*** Opening of Data ***
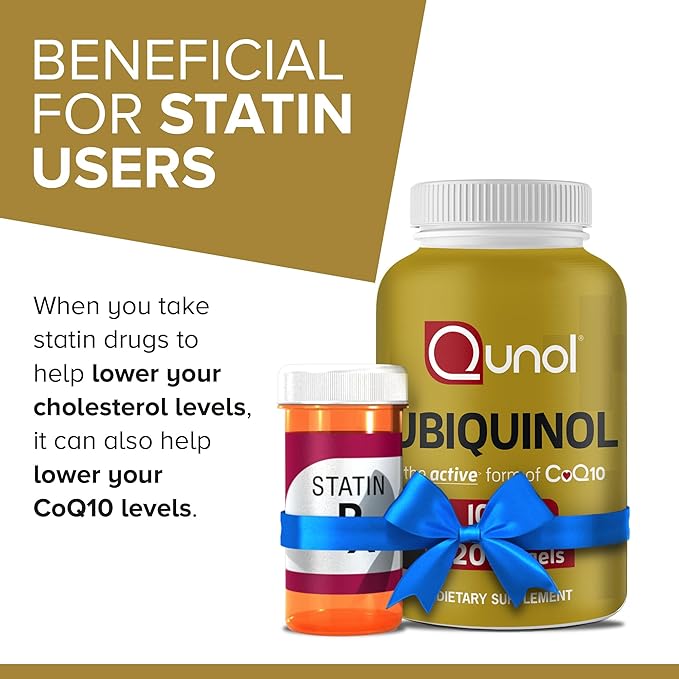 Qunol Ubiquinol CoQ10 100mg Softgels, Ubiquinol Q10, Antioxidant 120 Count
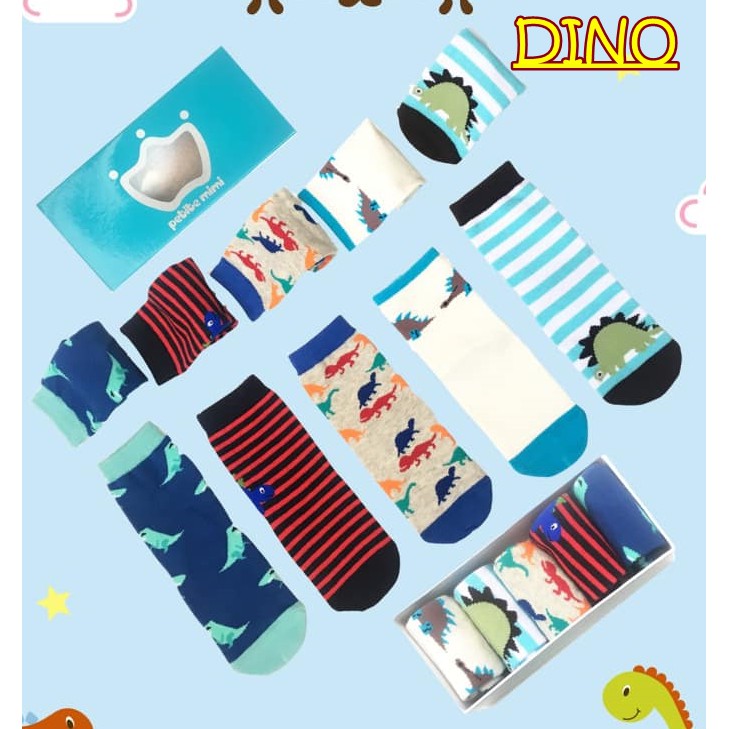 KAO15 KAOS KAKI PETITE MIMI SHORT SOCK 5IN1 / KAOS KAKI ANAK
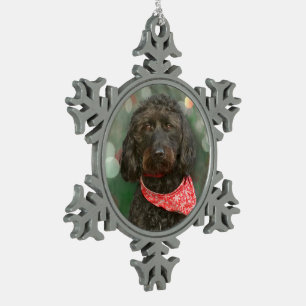 Yhea Schneeflocken Zinn-Ornament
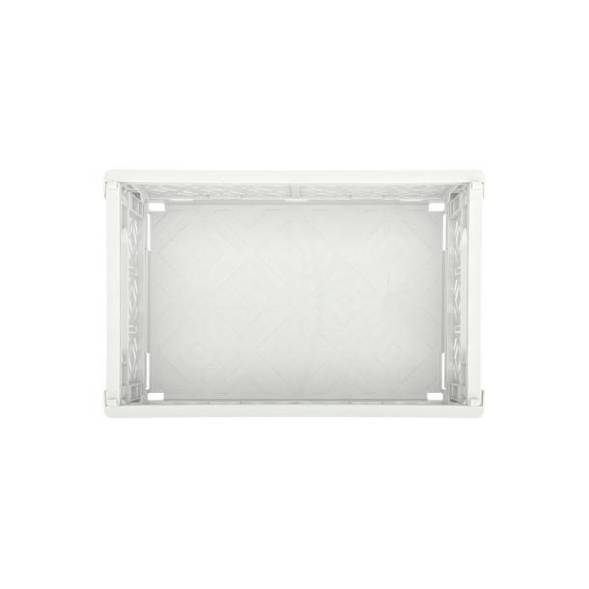 Ящик пластиковый складной ECONOVA Stocky S, 165х124х73 мм, 1.2 л, белый [434297516]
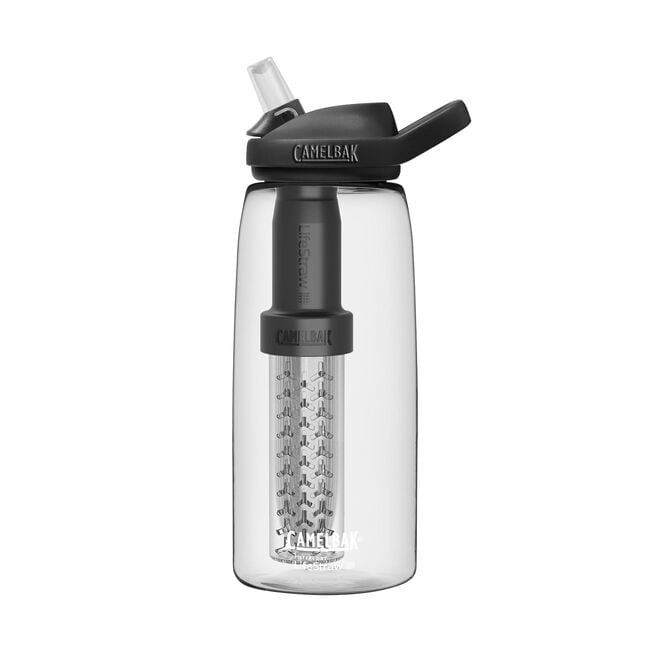 Camelbak eddy+ Filtered by LifeStraw Hydration Bottle 32oz Tritan® Renew Clear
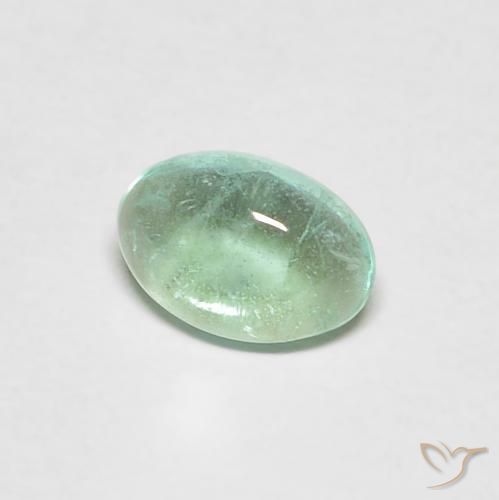 0.40 ct Green Emerald Stone, Natural Emerald in Oval Cabochon Shape for Sale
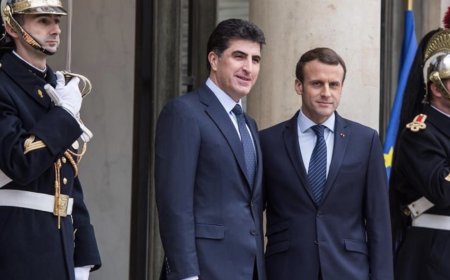 تغريدة ل ماكرون بالكوردية: فرنسا تؤكد دعمها لاستقرار العراق وإقليم كوردستان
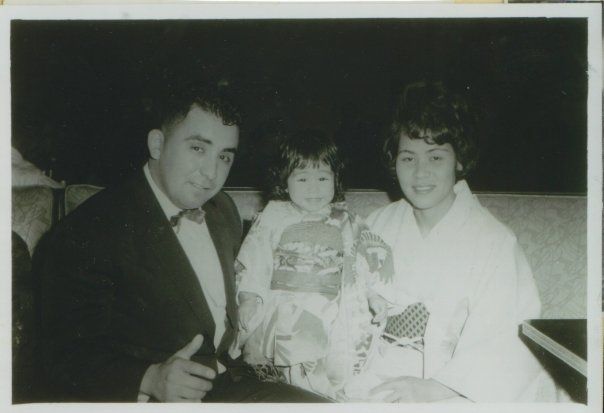 My dad (left), Mom (right), and my big sister in the middle.  Photo taken in 1964, the year I was born!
*** Close of Data ***
Pictures do not belong in the copy. Repeat only the lines from the top of the records through the line containing "0.40 ct Green".

 Qunol Ubiquinol CoQ10 100mg Softgels, Ubiquinol Q10, Antioxidant 120 Count
 KAO15 KAOS KAKI PETITE MIMI SHORT SOCK 5IN1 / KAOS KAKI ANAK
 Yhea Schneeflocken Zinn-Ornament
 Ящик пластиковый складной ECONOVA Stocky S, 165х124х73 мм, 1.2 л, белый [434297516]
 Camelbak eddy+ Filtered by LifeStraw Hydration Bottle 32oz Tritan® Renew Clear
 0.40 ct Green Emerald Stone, Natural Emerald in Oval Cabochon Shape for Sale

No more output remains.